İslam'dan Hak ve Adalet Ekseninde Türkiye konferansı

Saadet Partisi İstanbul Milletvekili Prof. Dr. Cihangir İslam, 'Hak ve Adalet Ekseninde Türkiye' konulu konferans için Bartın'a geldi.

İslam'dan Hak ve Adalet Ekseninde Türkiye konferansı

Saadet Partisi İstanbul Milletvekili Prof. Dr. Cihangir İslam, “Hak ve Adalet Ekseninde Türkiye” konulu konferans için Bartın’a geldi. Halk Eğitim Merkezinde gerçekleştirilen konferansa Saadet Partisi Bartın il, ilçe ve belde teşkilatları tam kadro katıldı. Konferansta ayrıca Saadet Partisi Zonguldak İl Başkan Yardımcısı İbrahim Işık beraberinde Devrek ve Çaycuma teşkilatı ile birlikte katıldı. CHP Bartın İl Başkanı Selim Karakaş, CHP Eski Merkez İlçe Başkanı Hacı Gölbucaklı, Türk Diyanet Vakıf Sen Bartın Temsilcisi İsmail Ünsal ve Anadolu Gençlik Derneği Bartın Şube Başkanı Burhanettin Akyol da yer aldı. Kısa süre önce vefat eden Saadet Partisi İl Başkan Yardımcısı Fikret Ercan anısına slayt gösterisinin yapıldığı konferansta Cihangir İslam, “Bu nazik davetiniz ve beni mahcup eden bir kalabalık için hepinize şükranlarımı soruyorum.” dedi.

İslam: “Verdiğiniz vekâletten memnun musunuz?

Cihangir İslam, konferansta şu konulardan bahsetti:

“Her yere gittiğimde konuşmaya başlamadan önce adeta bir güven oylaması yapıyorum. Şimdi kişisel olarak ben en azından şunu merak ediyorum.
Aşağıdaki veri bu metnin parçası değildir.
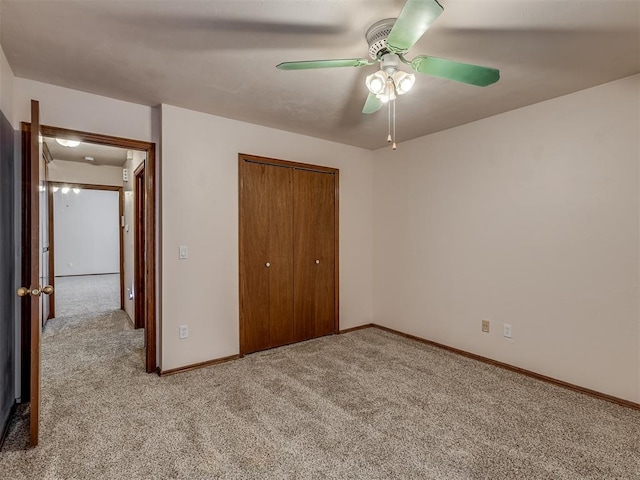 unfurnished bedroom featuring a closet, baseboards, a ceiling fan, and carpet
Bugüne kadar en azından 1-2 ay bizi gördünüz. Tabii ki eksikliklerim var. Şu ana kadar yaptığım vekâletten memnun musunuz? Az çok söylediklerimiz de kulağınıza geliyor, haberdar oluyorsunuz. Söylediklerimden razı mısınız? Bu şekilde devam edeyim mi arkadaşlar? Güven oylaması önemli. Söylemlerimizde dilimizde bir eksiklik ya da fazlalık varsa bunların sizler tarafından düzeltilmesini istiyorum. Bartın bize onay veriyorsa o zaman mesele yok.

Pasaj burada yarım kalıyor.